--- RECORDED INFORMATION ---
+ + +
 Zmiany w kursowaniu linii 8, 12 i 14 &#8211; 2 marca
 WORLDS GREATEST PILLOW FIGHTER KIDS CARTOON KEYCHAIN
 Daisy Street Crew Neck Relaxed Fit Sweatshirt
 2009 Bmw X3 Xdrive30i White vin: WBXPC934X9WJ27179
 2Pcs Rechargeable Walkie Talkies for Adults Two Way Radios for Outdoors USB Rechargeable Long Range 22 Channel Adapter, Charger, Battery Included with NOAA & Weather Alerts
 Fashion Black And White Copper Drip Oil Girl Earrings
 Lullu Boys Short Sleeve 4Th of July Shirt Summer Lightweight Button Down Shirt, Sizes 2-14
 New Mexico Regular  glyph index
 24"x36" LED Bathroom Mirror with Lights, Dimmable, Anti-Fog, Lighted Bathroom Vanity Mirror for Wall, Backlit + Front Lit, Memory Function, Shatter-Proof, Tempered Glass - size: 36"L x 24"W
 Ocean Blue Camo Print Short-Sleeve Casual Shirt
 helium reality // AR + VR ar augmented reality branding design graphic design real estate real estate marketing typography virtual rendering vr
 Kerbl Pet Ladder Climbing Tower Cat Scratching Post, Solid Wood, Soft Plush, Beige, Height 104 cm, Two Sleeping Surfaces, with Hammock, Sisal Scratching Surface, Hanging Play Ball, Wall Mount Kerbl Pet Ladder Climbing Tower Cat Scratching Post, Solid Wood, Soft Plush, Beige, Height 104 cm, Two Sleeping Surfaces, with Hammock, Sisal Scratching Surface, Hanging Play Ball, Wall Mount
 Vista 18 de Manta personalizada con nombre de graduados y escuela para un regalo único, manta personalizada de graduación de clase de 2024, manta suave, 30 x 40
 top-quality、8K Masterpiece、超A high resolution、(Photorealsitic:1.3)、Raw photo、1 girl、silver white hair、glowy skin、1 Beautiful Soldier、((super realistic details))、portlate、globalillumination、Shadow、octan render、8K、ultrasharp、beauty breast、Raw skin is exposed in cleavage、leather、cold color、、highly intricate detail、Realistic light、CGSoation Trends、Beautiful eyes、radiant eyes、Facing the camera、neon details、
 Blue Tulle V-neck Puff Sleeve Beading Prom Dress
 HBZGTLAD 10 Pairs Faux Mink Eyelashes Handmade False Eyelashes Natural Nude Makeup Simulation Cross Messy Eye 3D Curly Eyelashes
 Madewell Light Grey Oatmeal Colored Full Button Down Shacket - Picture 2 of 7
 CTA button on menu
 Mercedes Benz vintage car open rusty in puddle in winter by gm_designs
+ + +
--- ACTIVITY ---
From the listing above, copy all lines holding the word "Short".

--- SOLUTION TO THIS PROBLEM ---
 Lullu Boys Short Sleeve 4Th of July Shirt Summer Lightweight Button Down Shirt, Sizes 2-14
 Ocean Blue Camo Print Short-Sleeve Casual Shirt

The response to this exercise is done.